You see, the market makers (MM’s) in a stock are playing a chess game against all investors. They are in the business to make money and have survived by knowing crowd behavior and capitalizing on it. Knowing the levels of support are closely watched, especially on a company as well-known as Apple, they have been known to create traps for investors/traders. Let’s use the AAPL example at hand to illustrate a bear trap in action. As price approached the bottom rail the MM’s pushed the market down by selling enough shares out of their massive AAPL holding to have it break below that very important support level (~$122). Those watching the support levels noticed the breakdown and exited their long positions. Additionally some jumped on the other side of the trade in an attempt to catch what they believed was the start of a new trend (down) and piled on short. Since this is normal behavior what do those wily (rich) market makers do? Yup, they reverse it higher the next day above the support line trapping all those who went short the day before. Those that were not in the trade noticed the reversal and jumped on board the long side adding buyers and pushing prices higher.
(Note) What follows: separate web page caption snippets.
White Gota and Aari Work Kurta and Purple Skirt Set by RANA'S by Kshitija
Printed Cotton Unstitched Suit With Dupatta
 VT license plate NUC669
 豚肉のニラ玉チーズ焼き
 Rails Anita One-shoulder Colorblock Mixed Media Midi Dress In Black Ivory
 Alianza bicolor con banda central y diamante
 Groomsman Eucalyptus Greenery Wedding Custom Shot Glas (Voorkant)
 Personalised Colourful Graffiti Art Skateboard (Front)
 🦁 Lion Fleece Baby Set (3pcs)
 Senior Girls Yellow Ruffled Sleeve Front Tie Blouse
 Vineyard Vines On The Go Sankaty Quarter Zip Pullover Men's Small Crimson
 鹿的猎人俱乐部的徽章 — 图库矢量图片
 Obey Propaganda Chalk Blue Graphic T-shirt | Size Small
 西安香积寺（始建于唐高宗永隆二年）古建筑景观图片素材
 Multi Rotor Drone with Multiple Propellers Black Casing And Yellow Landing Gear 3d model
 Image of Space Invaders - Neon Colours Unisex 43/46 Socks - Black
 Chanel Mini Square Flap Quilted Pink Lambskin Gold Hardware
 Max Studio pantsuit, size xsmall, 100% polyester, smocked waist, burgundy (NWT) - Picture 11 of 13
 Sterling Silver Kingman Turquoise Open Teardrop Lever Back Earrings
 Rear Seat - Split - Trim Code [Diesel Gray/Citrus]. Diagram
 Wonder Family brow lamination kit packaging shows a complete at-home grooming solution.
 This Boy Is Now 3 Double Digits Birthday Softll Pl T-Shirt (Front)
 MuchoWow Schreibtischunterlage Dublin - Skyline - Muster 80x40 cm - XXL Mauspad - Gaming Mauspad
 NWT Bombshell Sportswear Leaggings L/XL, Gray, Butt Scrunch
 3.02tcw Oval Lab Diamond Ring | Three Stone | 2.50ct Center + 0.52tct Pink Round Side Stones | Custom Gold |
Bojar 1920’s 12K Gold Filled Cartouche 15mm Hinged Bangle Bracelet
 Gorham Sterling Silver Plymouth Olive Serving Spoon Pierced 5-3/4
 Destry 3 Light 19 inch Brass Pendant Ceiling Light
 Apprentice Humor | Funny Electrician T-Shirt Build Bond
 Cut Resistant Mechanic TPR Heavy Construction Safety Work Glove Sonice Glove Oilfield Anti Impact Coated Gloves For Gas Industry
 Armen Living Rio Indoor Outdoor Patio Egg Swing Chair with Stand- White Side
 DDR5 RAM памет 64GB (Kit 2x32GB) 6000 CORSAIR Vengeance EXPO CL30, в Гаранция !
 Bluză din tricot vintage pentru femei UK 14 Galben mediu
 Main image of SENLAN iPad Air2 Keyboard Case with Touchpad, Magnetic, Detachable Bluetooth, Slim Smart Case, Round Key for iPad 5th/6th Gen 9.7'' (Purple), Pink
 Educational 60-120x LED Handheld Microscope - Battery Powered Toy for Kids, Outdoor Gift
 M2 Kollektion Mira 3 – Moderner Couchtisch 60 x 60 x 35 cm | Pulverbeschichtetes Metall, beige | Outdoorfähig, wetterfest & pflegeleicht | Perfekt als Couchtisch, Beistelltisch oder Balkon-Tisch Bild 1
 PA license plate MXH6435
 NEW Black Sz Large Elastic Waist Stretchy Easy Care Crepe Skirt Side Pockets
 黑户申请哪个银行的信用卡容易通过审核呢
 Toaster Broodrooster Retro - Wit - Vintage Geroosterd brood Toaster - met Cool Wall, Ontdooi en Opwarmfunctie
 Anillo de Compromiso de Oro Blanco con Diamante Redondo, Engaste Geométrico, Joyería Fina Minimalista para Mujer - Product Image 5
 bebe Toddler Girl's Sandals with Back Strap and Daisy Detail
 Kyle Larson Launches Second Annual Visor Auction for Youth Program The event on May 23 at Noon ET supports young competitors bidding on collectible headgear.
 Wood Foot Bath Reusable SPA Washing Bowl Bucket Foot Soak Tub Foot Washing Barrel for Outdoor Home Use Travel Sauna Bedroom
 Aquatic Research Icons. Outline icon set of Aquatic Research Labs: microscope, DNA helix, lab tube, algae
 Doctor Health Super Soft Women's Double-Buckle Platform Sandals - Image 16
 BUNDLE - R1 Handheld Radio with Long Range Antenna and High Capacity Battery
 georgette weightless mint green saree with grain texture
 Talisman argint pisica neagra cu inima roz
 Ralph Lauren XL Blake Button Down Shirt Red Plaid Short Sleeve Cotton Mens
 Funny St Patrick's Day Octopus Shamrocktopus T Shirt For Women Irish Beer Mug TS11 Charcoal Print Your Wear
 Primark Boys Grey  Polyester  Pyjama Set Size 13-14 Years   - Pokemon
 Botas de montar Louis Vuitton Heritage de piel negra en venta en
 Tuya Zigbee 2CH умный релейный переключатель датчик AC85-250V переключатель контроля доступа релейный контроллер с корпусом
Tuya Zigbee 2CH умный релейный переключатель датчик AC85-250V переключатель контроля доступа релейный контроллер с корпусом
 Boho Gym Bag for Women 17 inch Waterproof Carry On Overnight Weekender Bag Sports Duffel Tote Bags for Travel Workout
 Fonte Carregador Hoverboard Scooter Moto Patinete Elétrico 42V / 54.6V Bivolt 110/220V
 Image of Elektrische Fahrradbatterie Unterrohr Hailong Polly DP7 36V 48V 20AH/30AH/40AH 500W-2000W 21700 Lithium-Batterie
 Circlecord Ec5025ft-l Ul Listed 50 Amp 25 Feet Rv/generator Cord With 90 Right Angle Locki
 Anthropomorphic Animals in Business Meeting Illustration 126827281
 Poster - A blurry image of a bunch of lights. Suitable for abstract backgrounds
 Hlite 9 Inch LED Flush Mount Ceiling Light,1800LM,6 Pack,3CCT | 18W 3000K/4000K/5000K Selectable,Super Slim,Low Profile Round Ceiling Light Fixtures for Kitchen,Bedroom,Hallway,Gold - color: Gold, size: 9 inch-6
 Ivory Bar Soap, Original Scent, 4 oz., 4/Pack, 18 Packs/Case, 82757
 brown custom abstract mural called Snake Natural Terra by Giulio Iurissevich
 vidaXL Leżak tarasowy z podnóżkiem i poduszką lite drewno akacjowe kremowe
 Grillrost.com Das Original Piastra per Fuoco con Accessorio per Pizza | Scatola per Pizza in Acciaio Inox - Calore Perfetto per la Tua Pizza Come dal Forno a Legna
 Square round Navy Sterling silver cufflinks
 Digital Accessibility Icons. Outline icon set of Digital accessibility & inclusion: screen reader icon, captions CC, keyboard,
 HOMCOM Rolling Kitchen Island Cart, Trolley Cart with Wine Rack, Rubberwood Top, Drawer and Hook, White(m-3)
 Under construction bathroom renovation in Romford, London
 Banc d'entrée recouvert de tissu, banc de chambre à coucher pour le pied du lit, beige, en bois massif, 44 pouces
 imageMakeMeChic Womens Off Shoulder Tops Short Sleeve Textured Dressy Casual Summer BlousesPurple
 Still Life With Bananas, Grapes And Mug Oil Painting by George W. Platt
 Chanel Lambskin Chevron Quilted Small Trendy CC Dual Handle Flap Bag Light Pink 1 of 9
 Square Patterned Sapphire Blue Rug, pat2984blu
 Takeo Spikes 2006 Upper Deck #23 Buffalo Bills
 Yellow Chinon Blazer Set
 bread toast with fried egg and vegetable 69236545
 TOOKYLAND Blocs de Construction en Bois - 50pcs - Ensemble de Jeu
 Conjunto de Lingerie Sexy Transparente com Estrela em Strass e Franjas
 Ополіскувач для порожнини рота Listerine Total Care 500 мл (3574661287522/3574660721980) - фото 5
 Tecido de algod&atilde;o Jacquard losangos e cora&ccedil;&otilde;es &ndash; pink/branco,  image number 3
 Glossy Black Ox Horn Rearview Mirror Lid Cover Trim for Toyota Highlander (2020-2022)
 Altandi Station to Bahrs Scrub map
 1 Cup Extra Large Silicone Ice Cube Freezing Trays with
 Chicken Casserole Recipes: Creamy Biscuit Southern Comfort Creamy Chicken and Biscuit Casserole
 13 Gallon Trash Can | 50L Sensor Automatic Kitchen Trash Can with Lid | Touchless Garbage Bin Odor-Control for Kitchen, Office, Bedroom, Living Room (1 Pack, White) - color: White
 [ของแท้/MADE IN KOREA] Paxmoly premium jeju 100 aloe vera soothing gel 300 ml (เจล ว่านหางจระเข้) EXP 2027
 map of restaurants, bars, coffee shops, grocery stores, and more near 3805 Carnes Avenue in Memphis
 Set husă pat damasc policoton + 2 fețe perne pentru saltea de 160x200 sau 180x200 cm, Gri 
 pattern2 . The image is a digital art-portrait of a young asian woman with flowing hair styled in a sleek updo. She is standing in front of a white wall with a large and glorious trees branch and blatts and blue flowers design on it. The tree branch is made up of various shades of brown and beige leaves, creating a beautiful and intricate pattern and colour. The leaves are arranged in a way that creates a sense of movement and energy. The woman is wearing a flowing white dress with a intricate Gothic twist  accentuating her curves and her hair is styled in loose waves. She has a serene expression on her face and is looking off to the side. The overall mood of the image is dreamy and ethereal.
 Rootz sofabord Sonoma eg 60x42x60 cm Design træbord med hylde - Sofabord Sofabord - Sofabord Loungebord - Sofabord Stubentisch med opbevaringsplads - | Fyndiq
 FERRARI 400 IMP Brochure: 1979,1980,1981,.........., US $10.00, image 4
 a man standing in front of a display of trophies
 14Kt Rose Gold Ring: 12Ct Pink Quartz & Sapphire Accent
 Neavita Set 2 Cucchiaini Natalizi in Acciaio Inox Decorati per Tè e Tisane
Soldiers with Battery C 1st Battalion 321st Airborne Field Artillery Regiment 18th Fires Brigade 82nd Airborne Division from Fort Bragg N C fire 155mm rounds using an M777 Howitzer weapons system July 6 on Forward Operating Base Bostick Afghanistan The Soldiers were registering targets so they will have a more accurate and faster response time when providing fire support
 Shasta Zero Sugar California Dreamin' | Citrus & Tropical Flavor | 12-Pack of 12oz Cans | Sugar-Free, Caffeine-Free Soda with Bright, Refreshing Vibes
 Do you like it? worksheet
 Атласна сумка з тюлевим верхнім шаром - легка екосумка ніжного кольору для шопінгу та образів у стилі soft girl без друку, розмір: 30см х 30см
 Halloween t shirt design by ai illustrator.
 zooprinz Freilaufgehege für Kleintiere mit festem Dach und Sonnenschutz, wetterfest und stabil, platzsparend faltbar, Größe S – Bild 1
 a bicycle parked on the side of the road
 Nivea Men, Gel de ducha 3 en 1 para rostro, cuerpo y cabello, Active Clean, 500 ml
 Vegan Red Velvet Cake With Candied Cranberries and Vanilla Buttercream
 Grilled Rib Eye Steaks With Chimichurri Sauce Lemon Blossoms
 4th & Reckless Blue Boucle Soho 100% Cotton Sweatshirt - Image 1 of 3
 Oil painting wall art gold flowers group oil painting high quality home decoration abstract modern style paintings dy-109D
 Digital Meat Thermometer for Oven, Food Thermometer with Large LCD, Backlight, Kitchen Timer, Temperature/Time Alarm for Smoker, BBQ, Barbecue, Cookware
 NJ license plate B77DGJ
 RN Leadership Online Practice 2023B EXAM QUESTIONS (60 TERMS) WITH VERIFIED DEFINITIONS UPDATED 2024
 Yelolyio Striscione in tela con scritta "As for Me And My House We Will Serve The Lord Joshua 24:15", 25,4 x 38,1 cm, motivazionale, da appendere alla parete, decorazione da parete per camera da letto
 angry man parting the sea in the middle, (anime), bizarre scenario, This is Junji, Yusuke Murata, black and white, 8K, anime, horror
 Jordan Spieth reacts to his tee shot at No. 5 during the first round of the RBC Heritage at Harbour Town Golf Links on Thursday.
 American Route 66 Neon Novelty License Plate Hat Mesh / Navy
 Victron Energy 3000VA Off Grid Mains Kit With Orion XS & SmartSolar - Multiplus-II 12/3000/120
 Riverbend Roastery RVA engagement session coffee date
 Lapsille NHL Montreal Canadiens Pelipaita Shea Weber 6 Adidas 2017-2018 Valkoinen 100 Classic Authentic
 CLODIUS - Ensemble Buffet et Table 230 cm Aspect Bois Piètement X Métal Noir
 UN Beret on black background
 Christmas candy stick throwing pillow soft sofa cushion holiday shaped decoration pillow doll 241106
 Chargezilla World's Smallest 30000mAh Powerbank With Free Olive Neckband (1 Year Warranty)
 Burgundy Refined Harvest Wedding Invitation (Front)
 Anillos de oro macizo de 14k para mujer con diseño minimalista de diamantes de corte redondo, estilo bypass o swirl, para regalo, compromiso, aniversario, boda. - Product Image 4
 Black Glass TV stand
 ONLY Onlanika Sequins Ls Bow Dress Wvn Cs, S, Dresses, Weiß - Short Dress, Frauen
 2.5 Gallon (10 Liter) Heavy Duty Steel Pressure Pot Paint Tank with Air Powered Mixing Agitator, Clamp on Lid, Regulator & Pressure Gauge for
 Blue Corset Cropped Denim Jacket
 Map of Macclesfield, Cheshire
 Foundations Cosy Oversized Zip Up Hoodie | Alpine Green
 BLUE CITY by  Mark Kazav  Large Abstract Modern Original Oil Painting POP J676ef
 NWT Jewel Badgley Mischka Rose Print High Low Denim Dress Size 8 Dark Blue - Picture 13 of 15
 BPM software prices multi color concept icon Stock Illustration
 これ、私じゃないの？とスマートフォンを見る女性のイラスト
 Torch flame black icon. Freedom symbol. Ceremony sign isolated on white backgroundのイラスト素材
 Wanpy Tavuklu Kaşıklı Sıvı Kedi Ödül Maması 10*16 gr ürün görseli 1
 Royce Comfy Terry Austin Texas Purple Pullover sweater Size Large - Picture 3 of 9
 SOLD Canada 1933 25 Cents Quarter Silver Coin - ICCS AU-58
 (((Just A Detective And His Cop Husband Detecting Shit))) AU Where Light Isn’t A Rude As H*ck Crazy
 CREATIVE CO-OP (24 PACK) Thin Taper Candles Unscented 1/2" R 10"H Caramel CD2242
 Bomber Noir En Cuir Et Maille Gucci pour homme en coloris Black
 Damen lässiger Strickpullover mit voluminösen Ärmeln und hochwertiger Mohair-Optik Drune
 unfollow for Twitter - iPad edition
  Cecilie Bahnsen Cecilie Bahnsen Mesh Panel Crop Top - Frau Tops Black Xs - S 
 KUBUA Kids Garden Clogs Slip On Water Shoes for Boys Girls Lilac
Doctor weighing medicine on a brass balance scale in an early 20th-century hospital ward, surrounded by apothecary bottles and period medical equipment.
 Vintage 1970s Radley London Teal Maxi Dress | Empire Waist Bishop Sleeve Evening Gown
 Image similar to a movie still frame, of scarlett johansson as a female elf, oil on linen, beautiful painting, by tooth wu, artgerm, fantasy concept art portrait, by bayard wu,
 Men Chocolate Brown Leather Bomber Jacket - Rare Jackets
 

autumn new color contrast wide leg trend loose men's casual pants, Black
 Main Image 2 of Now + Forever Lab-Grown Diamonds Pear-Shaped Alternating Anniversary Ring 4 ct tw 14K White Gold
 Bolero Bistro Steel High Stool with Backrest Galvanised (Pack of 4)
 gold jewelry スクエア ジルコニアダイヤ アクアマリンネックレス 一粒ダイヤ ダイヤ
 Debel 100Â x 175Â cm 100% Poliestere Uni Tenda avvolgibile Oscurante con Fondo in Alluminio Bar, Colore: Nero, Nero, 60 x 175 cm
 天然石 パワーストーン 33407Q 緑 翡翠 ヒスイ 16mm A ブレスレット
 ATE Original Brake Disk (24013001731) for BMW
Additionally those that did short were forced to buy back shares to close out their short positions adding a whole lot more fuel to the rally. In the meantime the MM’s sold a few of his massive pile of shares to propel prices higher, in this case it has risen almost $12 in 7 days.
The MM’s got rich …. $12 x a whole bunch of shares is a big wad of cash …… in a very short time. All in a day’s work. This, my friends, is a great example of a bear trap.
In case you were wondering, yes there is a bull trap and many other ways the market can eat you alive. It’s a jungle out there with big game hunters (MMs) armed to take out both bulls and bears.